In other words, the three members of the judiciary who sit on the committee are being directed by the Constitution to ignore Strasbourg case law and, in effect, do the obverse that the Strasbourg Court directs in such a case.
Now the House can proceed to advise the President to remove the accused judge or magistrate in clear breachof Strasbourg case law on the matter cited above.
Bearing in mind Strasbourg case law, the suspension procedure of the accused judge or magistrate by the Commission for the Administration of Justice, presided in judicial discipline matters by none other than the Chief Justice who presides the Constitutional Court which is entrusted to enforce human rights and fundamental freedoms, raises human rights law compliance issues.
Since 2014 new cases have been decided on the question of judicial removal, the latest being ‘Baka v. Hungary’. Judge Baka was a former Hungarian judge at the Strasbourg Court between 1991 and 2008. In 2009, he was elected by the Parliament of Hungary as President of the Supreme Court of Hungary. The Strasbourg Court’s Grand Chamber held that “the premature termination of the applicant’s mandate as President of the Supreme Court was not reviewed, nor was it open to review” (as is the situation in Malta with judicial removal by the House).

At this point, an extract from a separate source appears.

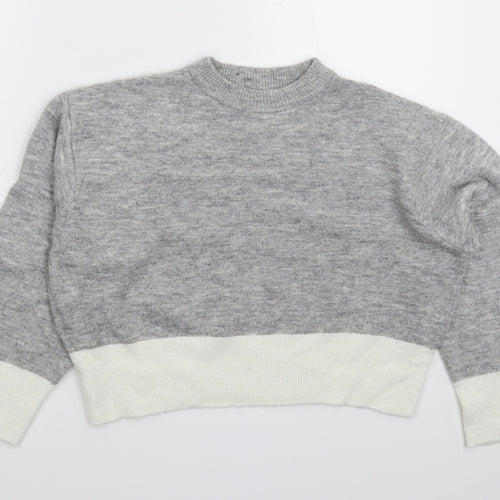 H&M Womens Grey  Knit Pullover Jumper Size XS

The court considered this “lack of judicial review was the result of legislation whose compatibility with the requirements of the rule of law is doubtful”. The court could not fail to note “the growing importance which international and Council of Europe instruments, as well as the case law of international courts and the practice of other international bodies are attaching to procedural fairness in cases involving the removal or dismissal of judges, including the intervention of an authority independent of the executive and legislative powers in respect of every decision affecting the termination of office of a judge”.
In ‘Saghatelyan v. Armenia’ the Strasbourg Court held that “when disputes to which Article 6 is applicable are determined by organs other than courts” – and the House is one such organ – “the Convention calls at least for one of the following systems: either the jurisdictional organs themselves comply with requirements of Article 6 paragraph 1” (and ‘Demicoli v. Malta’ has clearly stated that this is not the case in so far as the House is concerned) “or they do not so comply but are subject to subsequent control by a judicial body that has full jurisdiction and does provide the guarantees of Article 6 paragraph 1” (which undoubtedly is not the case in Malta).

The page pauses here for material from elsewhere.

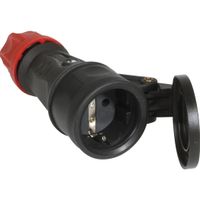 Contrastekker rubber rood zwart 230V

It is a great pity that there were all these pointers to the Maltese government which were not taken on board when the August 2016 constitutional reform of the justice sector amendments were being drafted and rushed through Parliament.
Instead the matter of judicial removal continues to cry out for serious reform. Indeed, the 2016 amendments are a missed opportunity to bring the Constitution, in its own words in article 65(1), “in conformity with full respect for human rights”.
Kevin Aquilina is the dean of the Faculty of Laws at the University of Malta.